Aim of the task:
Word for word, restate the lines of the data below between those holding "Juez permite a" and "temperature data ...", inclusive; pictures do not belong in the copy.

Material supplied Start Marker

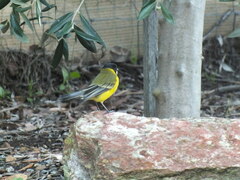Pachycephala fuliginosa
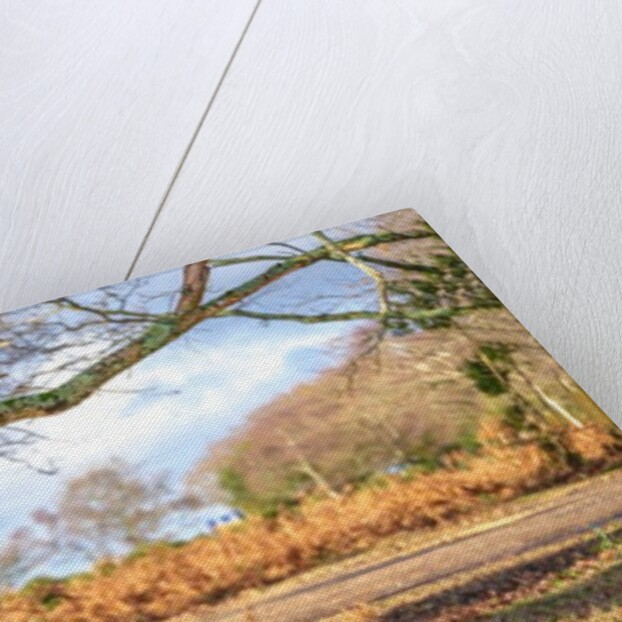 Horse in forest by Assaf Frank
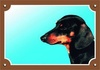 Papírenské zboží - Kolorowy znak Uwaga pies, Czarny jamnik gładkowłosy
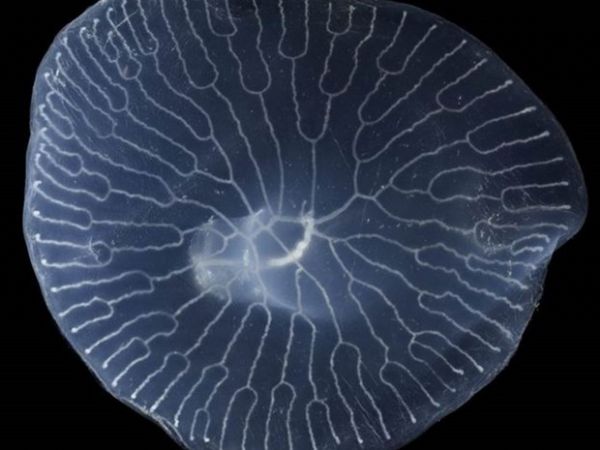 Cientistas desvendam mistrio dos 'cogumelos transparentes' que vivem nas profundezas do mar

Material supplied End Marker
Material supplied Start Marker

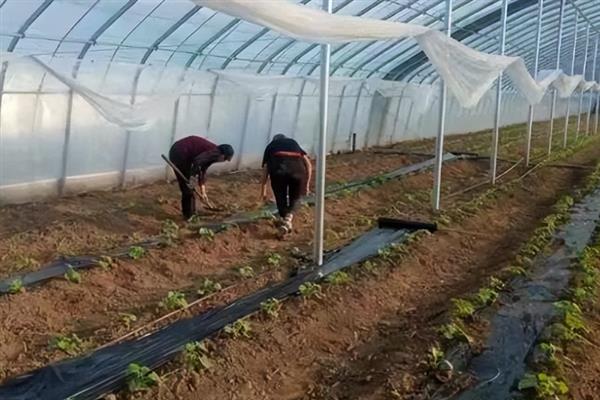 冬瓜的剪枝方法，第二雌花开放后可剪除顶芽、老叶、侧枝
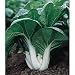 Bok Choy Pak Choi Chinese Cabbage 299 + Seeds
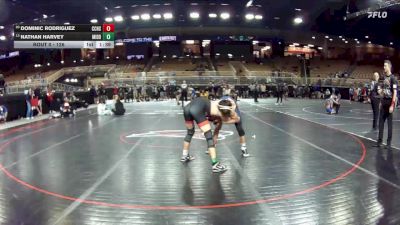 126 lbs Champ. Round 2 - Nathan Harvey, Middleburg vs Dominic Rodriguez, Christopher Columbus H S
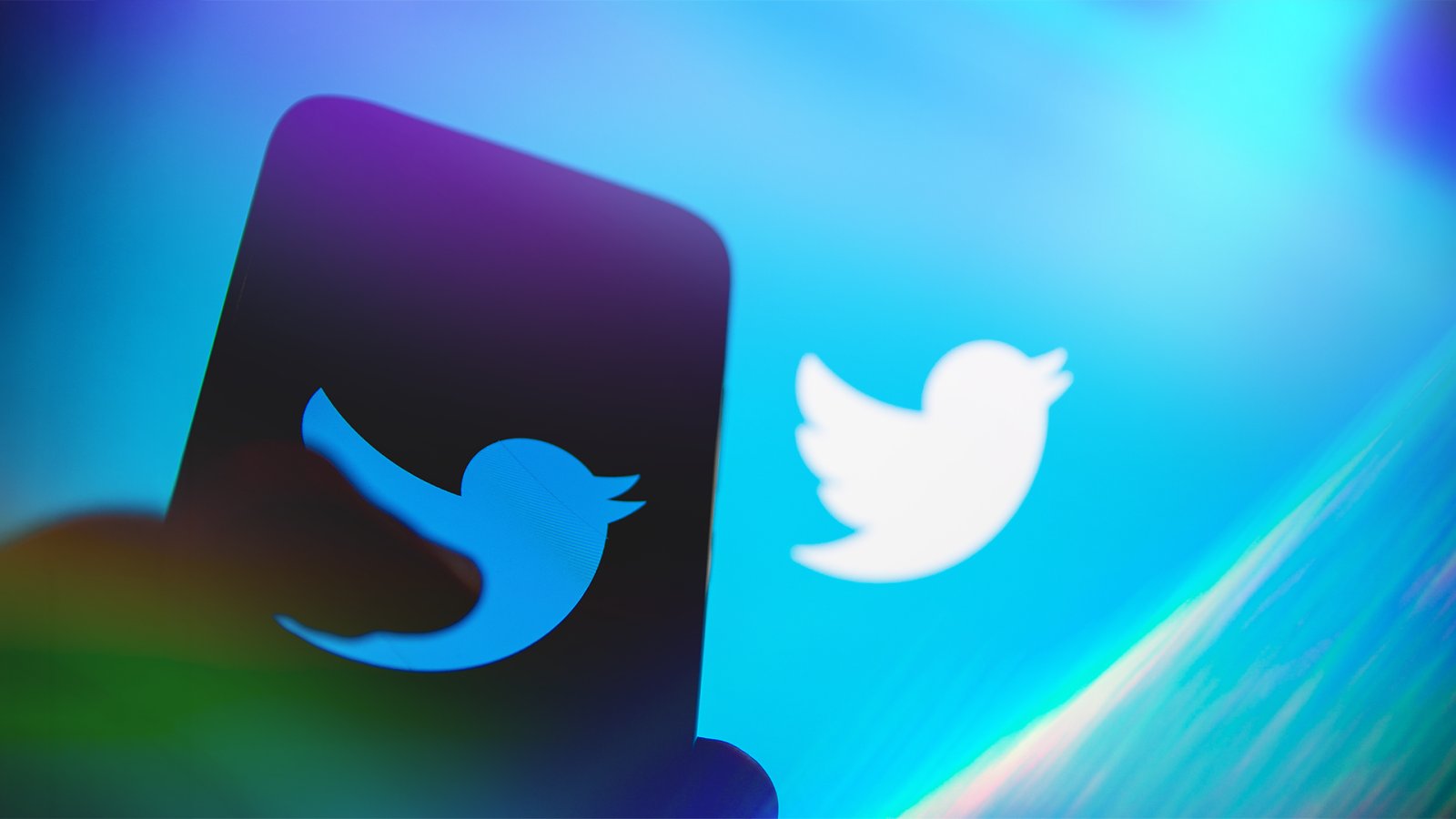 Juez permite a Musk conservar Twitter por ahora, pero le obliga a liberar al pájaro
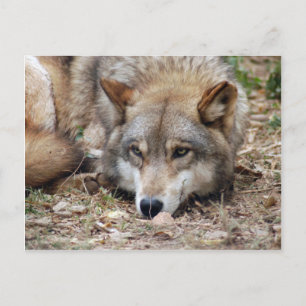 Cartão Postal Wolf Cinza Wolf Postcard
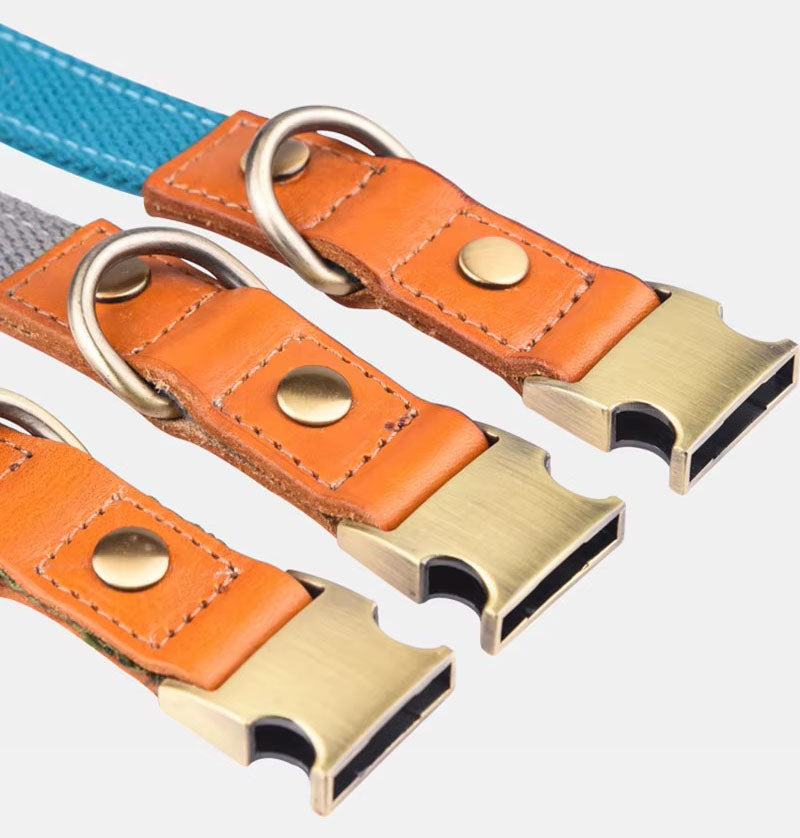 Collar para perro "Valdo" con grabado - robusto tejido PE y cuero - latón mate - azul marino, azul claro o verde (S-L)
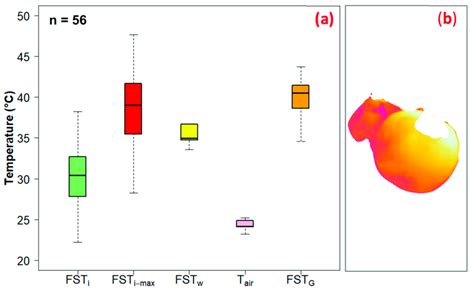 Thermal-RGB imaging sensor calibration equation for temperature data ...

Material supplied End Marker

Response to this exercise:
 Juez permite a Musk conservar Twitter por ahora, pero le obliga a liberar al pájaro
 Cartão Postal Wolf Cinza Wolf Postcard
 Collar para perro "Valdo" con grabado - robusto tejido PE y cuero - latón mate - azul marino, azul claro o verde (S-L)
 Thermal-RGB imaging sensor calibration equation for temperature data ...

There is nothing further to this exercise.